El olivo es un símbolo imponente del paisaje del Mediterráneo. Como el aceite de oliva lo es también en la mayor parte de los países del sur de Europa –con España, Italia, Grecia y Portugal a la cabeza– y del norte del continente africano. En sus comidas y supermercados. En el día a día de sus compras y sus hogares. Pero uno y otro, el olivo y el aceite de oliva, pierden protagonismo cuando más nos alejamos de un imaginario mapa del Mediterráneo. Y siguen muy lejos del resto de grandes mercados de grasas vegetales y animales a nivel mundial, más industriales y a la vez mucho más baratas.

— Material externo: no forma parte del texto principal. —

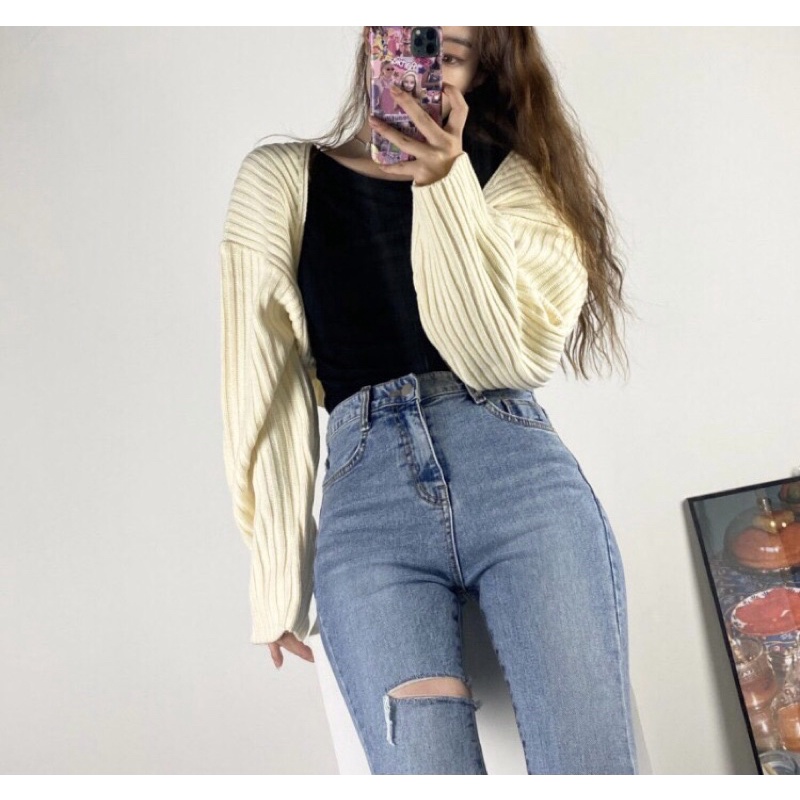 Áo khoác len tay dài croptop Same hot trend style Hàn Quốc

El aceite de oliva supone hoy en día menos del 3% del total de grasas comestibles vegetales consumidas en el mundo, menos de tres millones de toneladas sobre un total de 190 millones de toneladas de grasas vegetales, según las estadísticas del Departamento de Estado de Agricultura de los Estados Unidos (USDA). Y si contamos las grasas de origen animal –mantequilla, sebo de cerdo, aceites de pescado–, muy comunes en centro y norte de Europa y en los países anglosajones, el peso del aceite de oliva estaría muy por debajo del 2% de las grasas mundiales. Las grasas de origen animal suponen más de 32 millones de toneladas al año.
Aunque si hablamos de su valor monetario, su peso es mucho mayor que lo que representan sus ventas: un 18% del valor de las grasas comestibles mundiales. En dinero, en torno a los 12.500 millones de euros.

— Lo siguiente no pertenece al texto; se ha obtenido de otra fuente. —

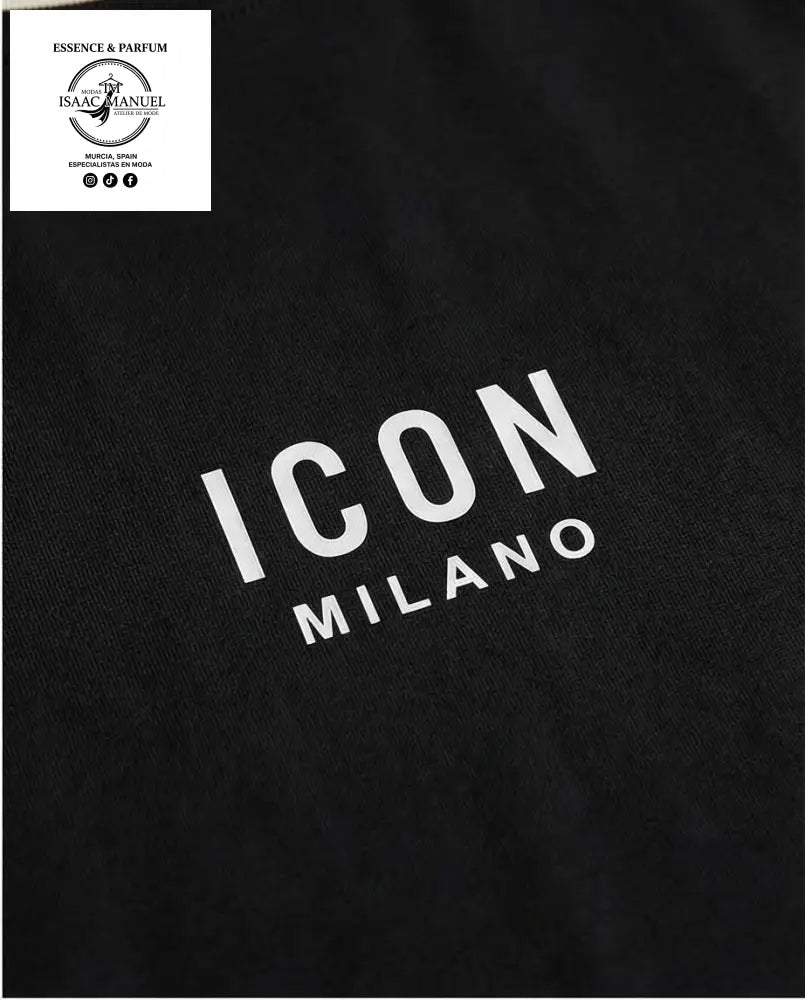 Camiseta Oversize Icon Milano Hombre | Tallas S M L XL. QQ2297 Negro / S Camisetas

Pese al incremento pausado del consumo de aceites de oliva en mercado no productores, o poco productores, como Estados Unidos, Japón, Brasil, Australia o el sudeste asiático, el consumo de aceites de oliva a nivel mundial no alcanza los tres millones de toneladas. Un gran desafío si tenemos en cuenta que en los últimos diez años se han plantado de decenas de miles de hectáreas de nuevas plantaciones de olivar intensivo y en seto que cuando alcancen su plena producción harán aumentar notablemente la producción mundial en años climatológicamente normales.